In part two, Natalie goes to college to learn to write/speak, but only finds a further segment of her father (and lesser than he!) in a prof who admires her father and appears a much less active teacher than rapist himself--well, ok, diddler of students both in the form of having married one and of courting (to put it politely, as the novel itself does) another on the side. At any rate, Natalie's confusion, resentment and interior journey only grow more and more mysterious, awkward and detached. Her grammar is corrected, but she's still not given a language with which to speak her loneliness. And that sad soliloquy of resentment and displacement is the hardest thing to speak too, even for a man--how much worse to be part of a herd of girls being trained by an all-male faculty in a college that resembles a military academy, for all of its radically progressive shenanigans. No one is even there to listen should Natalie even learn to speak her experience.
In this second section mysteries abound: there's a thief, there are voices in and out of Natalie's head, there are secret visitors in the dorms at night, un-serious initiations, threatening caretakers, there's a mysterious fellow loner girl who may be an imaginary friend or something even more perverse--we poor readers will never know the truth of it. I bring up the facts of the novel--which I normally never do in a review--because they're all, to me, replacements for the language Natalie's not learning, at college, to speak. The novel is mysterious because, without a proper language to speak it, Natalie's experience becomes this fragmentary series of disjointed mysteries. She can't really have experiences in any kind of normalizing narrative way--at least not in the male, literary/historical sense--because she hasn't the proper words with which to re-live and recount them.

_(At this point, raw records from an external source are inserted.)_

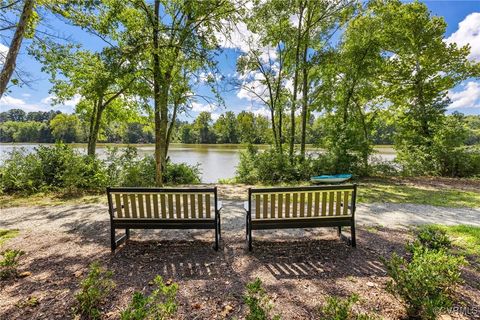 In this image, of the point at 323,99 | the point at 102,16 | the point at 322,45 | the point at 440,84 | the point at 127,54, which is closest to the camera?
the point at 127,54

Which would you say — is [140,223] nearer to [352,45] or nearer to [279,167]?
[279,167]

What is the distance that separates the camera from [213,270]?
320cm

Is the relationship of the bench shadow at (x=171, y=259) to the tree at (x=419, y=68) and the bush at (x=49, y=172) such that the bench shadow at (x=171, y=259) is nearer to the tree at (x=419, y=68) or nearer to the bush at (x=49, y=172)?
the bush at (x=49, y=172)

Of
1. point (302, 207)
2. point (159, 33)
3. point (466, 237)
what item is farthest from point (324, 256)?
point (159, 33)

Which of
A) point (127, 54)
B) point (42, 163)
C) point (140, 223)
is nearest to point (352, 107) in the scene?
point (127, 54)

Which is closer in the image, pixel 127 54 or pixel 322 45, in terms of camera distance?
pixel 127 54

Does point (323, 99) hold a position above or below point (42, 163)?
above

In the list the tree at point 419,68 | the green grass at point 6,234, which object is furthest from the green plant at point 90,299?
the tree at point 419,68

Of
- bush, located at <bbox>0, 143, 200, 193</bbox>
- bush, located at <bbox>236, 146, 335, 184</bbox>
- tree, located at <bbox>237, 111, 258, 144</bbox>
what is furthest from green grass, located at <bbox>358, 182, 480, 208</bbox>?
bush, located at <bbox>0, 143, 200, 193</bbox>

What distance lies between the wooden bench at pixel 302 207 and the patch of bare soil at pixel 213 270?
0.43 meters

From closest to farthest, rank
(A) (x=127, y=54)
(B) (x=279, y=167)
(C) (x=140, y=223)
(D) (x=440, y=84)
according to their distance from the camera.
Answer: (C) (x=140, y=223) → (A) (x=127, y=54) → (B) (x=279, y=167) → (D) (x=440, y=84)

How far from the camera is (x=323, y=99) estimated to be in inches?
543

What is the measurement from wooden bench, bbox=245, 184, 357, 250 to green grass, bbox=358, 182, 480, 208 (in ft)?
12.8

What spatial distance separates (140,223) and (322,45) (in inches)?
500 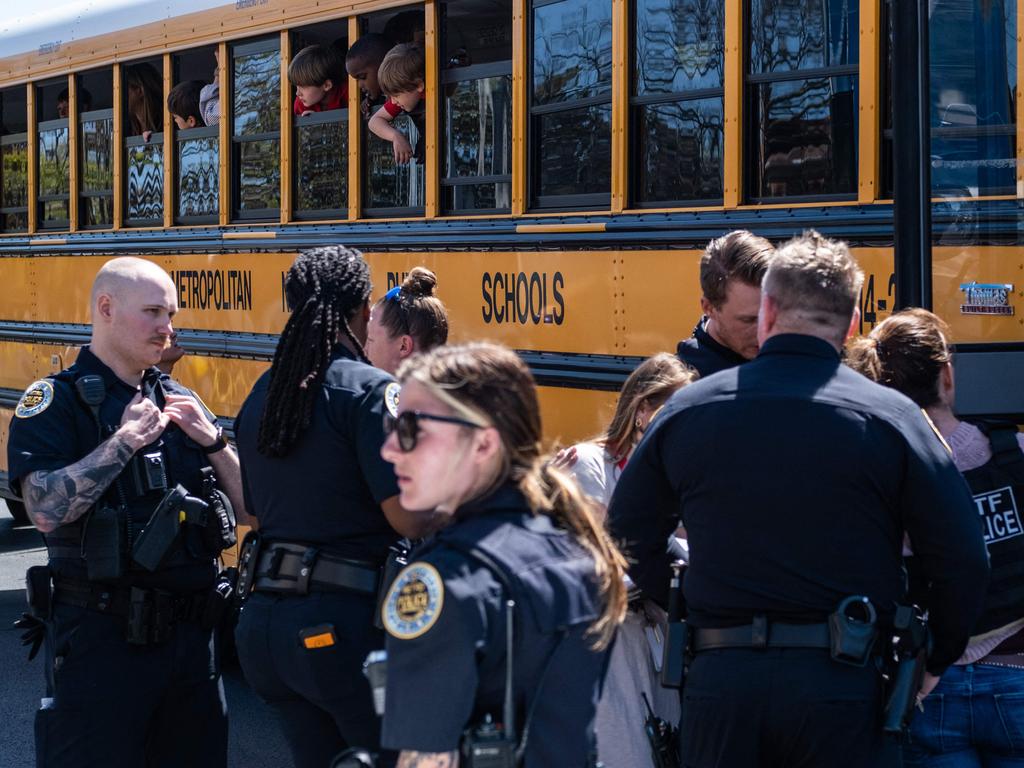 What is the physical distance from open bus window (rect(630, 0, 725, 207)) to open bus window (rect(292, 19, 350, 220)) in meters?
1.46

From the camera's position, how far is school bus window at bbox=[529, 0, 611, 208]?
439cm

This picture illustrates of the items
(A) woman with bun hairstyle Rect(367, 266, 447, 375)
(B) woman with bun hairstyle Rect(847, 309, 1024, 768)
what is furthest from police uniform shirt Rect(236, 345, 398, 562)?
(A) woman with bun hairstyle Rect(367, 266, 447, 375)

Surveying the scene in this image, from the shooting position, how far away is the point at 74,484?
3086mm

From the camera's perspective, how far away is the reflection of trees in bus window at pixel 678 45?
410 cm

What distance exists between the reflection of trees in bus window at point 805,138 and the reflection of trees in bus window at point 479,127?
3.24 ft

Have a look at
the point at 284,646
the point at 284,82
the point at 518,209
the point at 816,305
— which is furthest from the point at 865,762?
the point at 284,82

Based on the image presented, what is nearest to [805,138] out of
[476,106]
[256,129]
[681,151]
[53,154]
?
[681,151]

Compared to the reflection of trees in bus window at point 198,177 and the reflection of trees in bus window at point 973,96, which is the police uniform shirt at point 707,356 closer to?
the reflection of trees in bus window at point 973,96

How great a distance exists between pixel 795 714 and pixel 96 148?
18.0 feet

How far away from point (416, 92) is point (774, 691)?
315 cm

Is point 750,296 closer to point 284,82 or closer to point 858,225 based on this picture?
point 858,225

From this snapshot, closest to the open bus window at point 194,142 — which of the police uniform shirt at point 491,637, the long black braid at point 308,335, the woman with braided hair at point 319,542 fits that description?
the long black braid at point 308,335

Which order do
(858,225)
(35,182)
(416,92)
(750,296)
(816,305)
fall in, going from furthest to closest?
(35,182) → (416,92) → (858,225) → (750,296) → (816,305)

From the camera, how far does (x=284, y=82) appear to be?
5.59m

Where is she then, in the novel's third section? On a dark and seemingly casually chosen road with a mysterious companion. I don't want to spoil the ending--but I can't really because it's as ineffable as the rest. There's no language to speak Natalie's story in 1951, so it remains untold. Hangsaman is the story of its own impossible composition. Its message would appear to be: give me the words to tell the real story for without them I have no meaning. Nathalie's last words in the novel (really a feeling rather than a statement) might mean that, for a Middle-Class woman in the USA in 1951, adulthood meant coming to terms with one's muteness. Not only were people of color and gays invisible (as Ralph Ellison so eloquently put it) but women, too, blended silently into the woodwork all too conveniently.
PS I forgot to mention that Shirley Jackson is the greatest composer of sentences in the English language. I used to think Hemingway, but Jackson's are just as brilliant and a tad less showy--remarkably beautiful, her sentences have the feel of a diamond cutting through glass with a clarity I thought impossible in English. I'm humbled.